TO DO.
Starting at the line that contains "Jon Gruden Height, Weight, Net", retype each line to the end of the listing below. Include both ends, but not the pictures.

MATERIAL SUPPLIED.
⁂

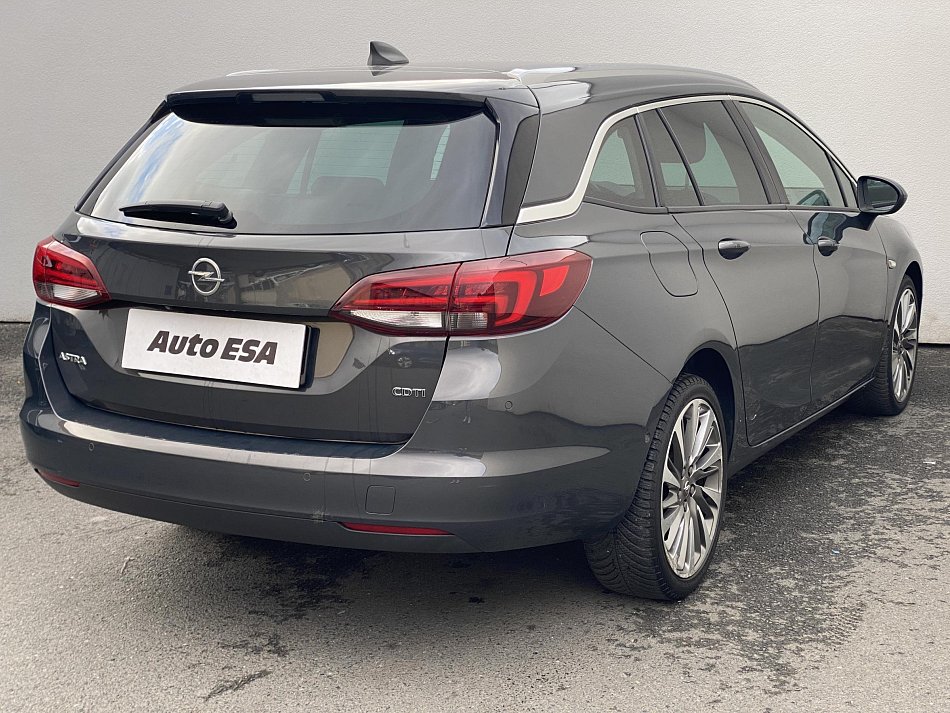 Opel Astra 1.6 CDTi Innovation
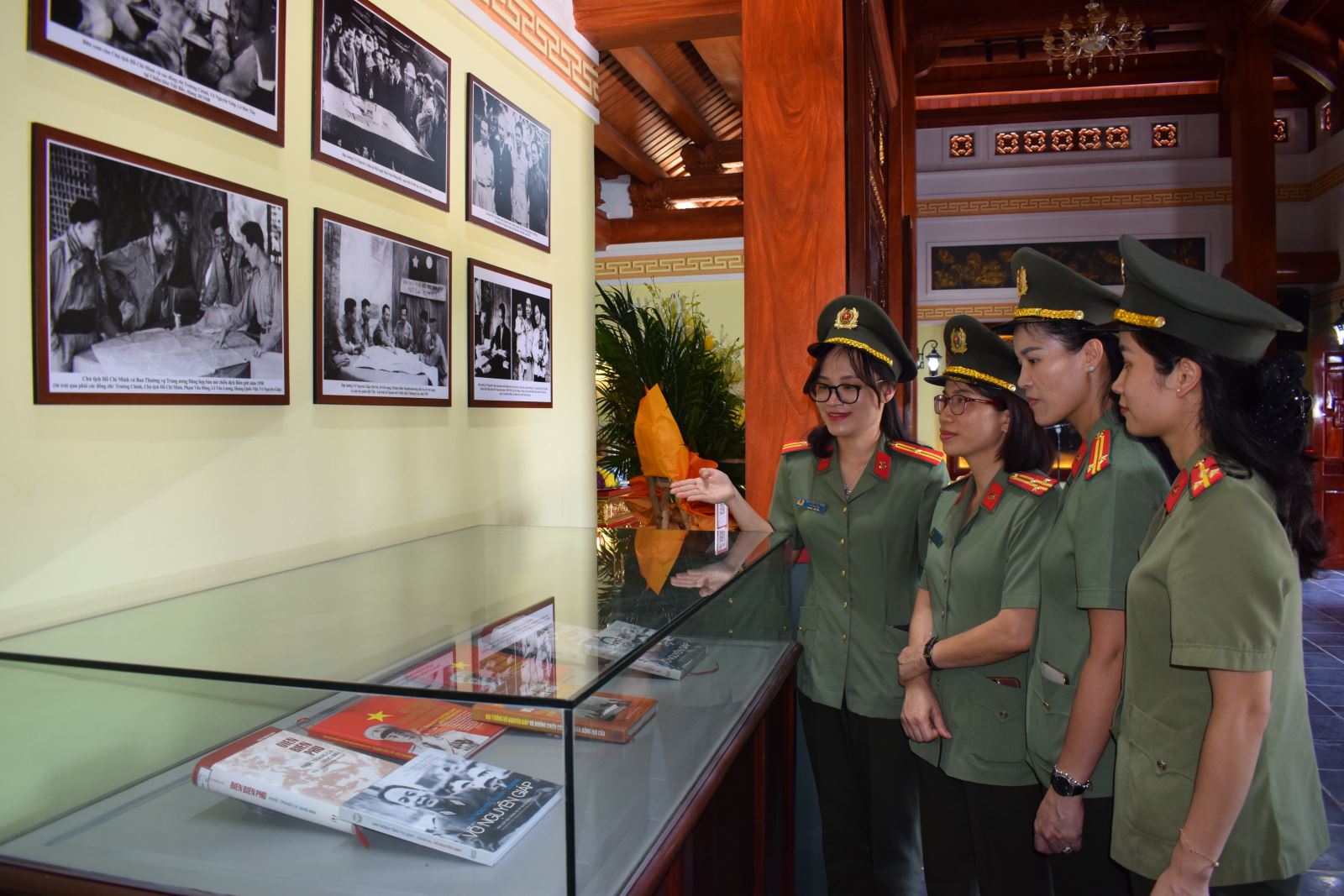 Phụ nữ Công an Hưng Yên đẩy mạnh học tập và làm theo tư tưởng, đạo đức, phong cách Hồ Chí Minh; bản lĩnh - nhân văn - kỷ cương - trách nhiệm vì An ninh Tổ quốc, vì hạnh phúc gia đình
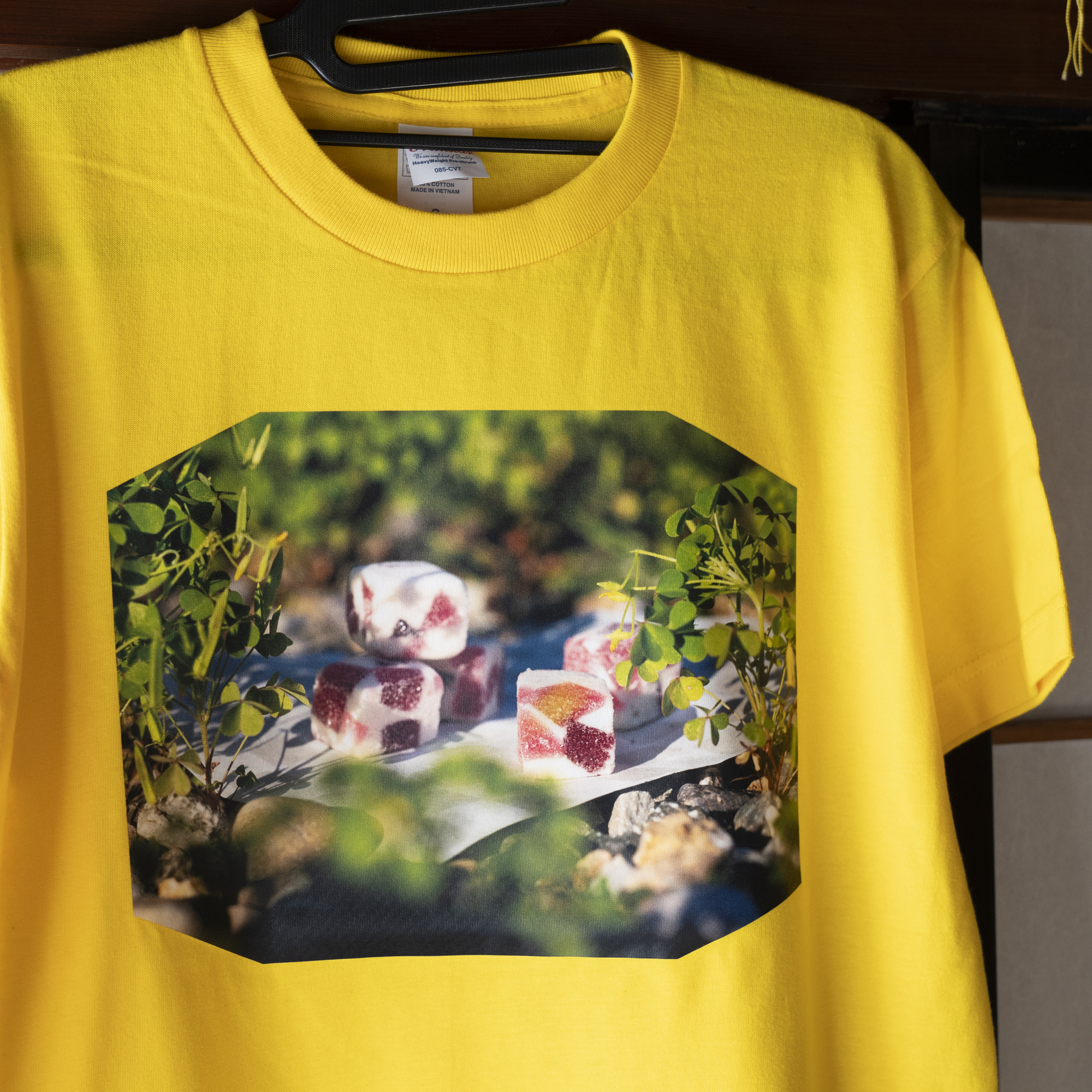 『おかしのおかしなはなし』Tシャツ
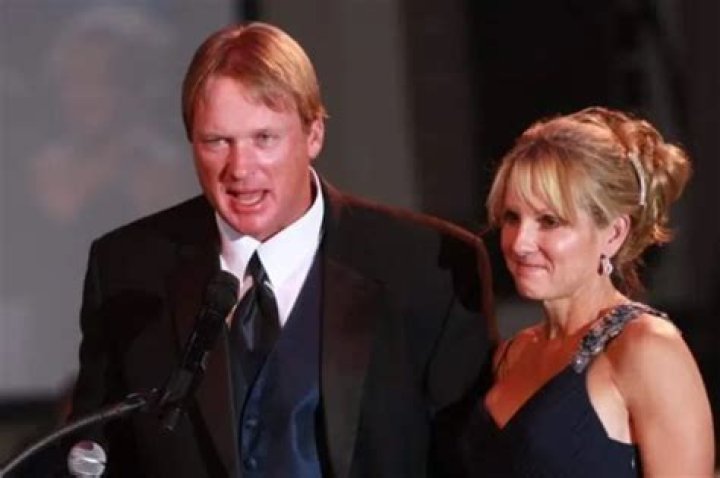Jon Gruden Height, Weight, Net Worth, Age, Birthday, Wikipedia, Who, Nationality, Biography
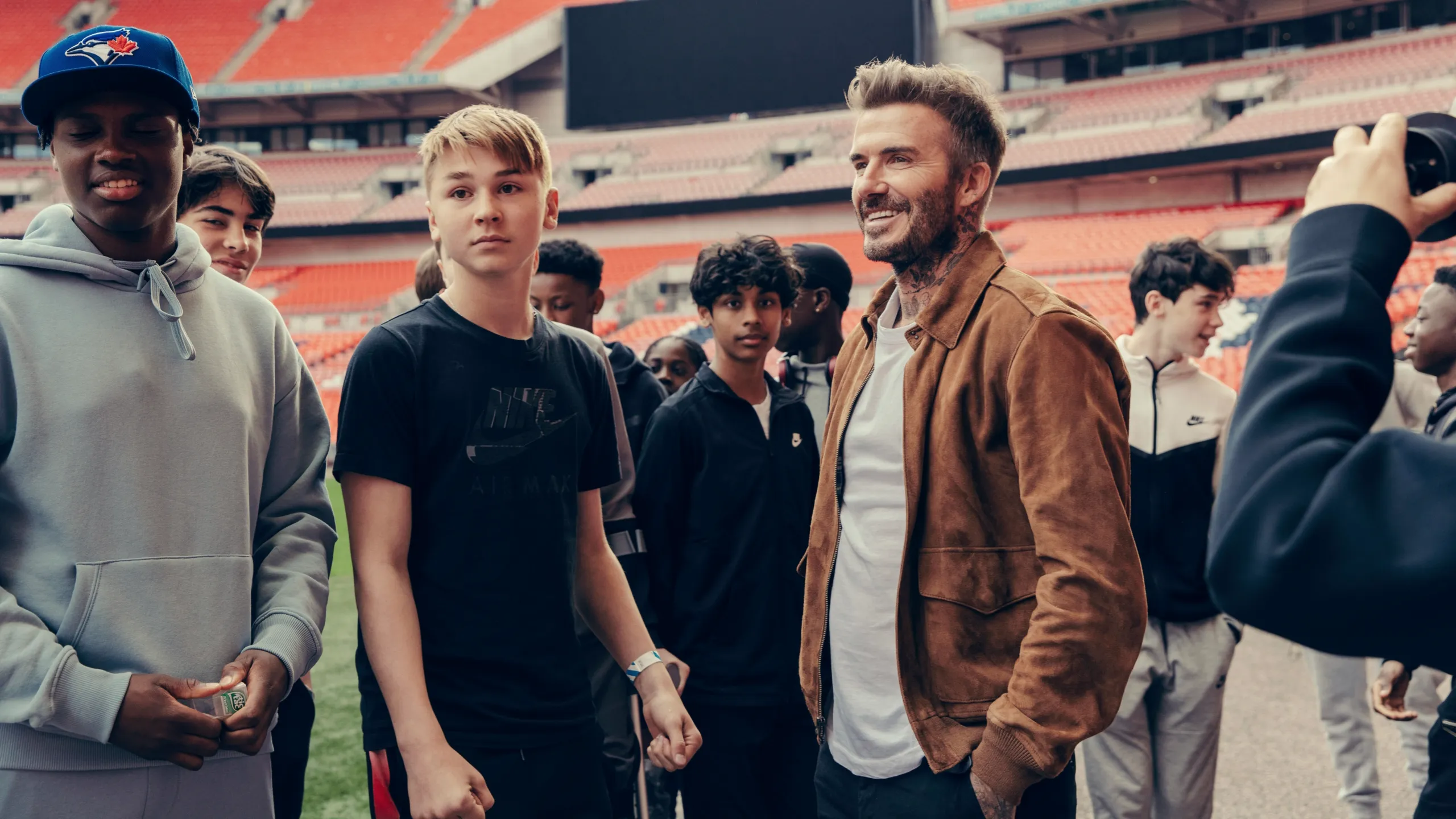 thumbnail - S1:E4 Never Give Up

⁂

OUTPUT BELOW.
Jon Gruden Height, Weight, Net Worth, Age, Birthday, Wikipedia, Who, Nationality, Biography
 thumbnail - S1:E4 Never Give Up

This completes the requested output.